El gilismo enseñó sus cartas desde el primer día, no cabía engaño con los antecedentes de un sujeto indultado por Franco, Jesús Gil, responsable penal de decenas de muertos en una edificación de Segovia donde la vida costaba menos que el cemento. La compañía de este sujeto era lo más granado entre golfos y parásitos, tanto locales como foráneos. Y sin descansar se pusieron a la titánica tarea de violar gran parte del Código Penal, incluido el delito de traición a España (recuerden las andanzas de esta tropa en Ceuta y en Melilla). Este desastre se podía haber evitado, sobró mucha complicidad y cobardía en muchos responsables institucionales. Queda para la historia determinar las responsabilidades históricas ya que los tribunales, con muchos esfuerzos, han intentado depurar las responsabilidades jurídicas. Se desmanteló el Estado de Derecho mediante la depuración y el miedo, eliminando los controles internos. Tampoco (salvo contadas ocasiones) los jueces y las Administraciones del Estado y de la Junta reaccionaron con decisión y prontitud para poner coto a tantos desmanes cometidos desde el principio de la gestión de esta mafia. La prensa (con excepciones honrosas) dejó pasar demasiados años para cumplir su esencial función de informar a la ciudadanía sobre el saqueo sistemático a las arcas públicas.
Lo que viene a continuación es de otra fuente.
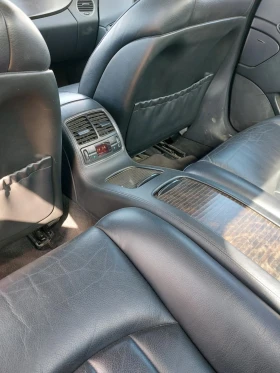 Обява за продажба на Mercedes-Benz CLS 500 ~18 700 лв. - изображение 9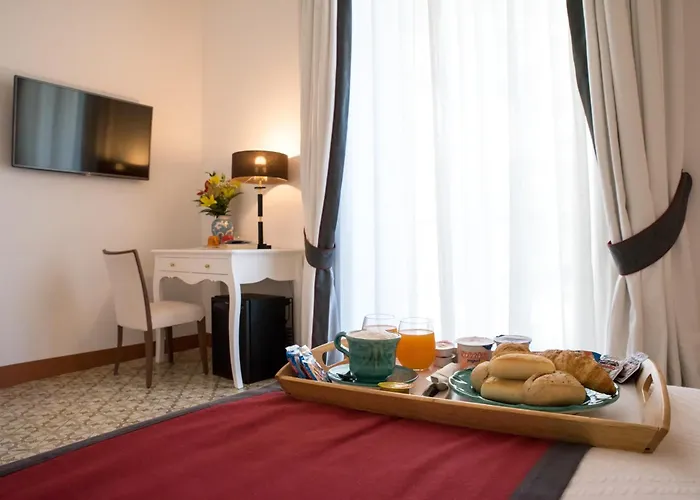 Luxury House לינה וארוחת בוקר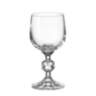 Набор бокалов для вина CRYSTALITE BOHEMIA Sterna/Klaude 150мл 6шт (8) 16597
Y ayudó mucho a consolidar el régimen esa letanía cansina, simplona, exasperante, que uno escuchaba en bocas iletradas pero también en sofisticados líderes (o eso se creen ellos) de opinión: ¡qué bonita esta Marbella!, ¡qué limpia!, "roban como todos, pero al menos hacen algo". Plantar cara a todo eso era muy difícil, y algo de eso pude vivir en primera persona; que los jóvenes sepan que las denuncias de esos atropellos se escuchaban mucho menos que las risotadas ante Gil, sus mamachichos y las bravuconadas de este siniestro personaje que eran jaleadas con entusiasmo por muchos.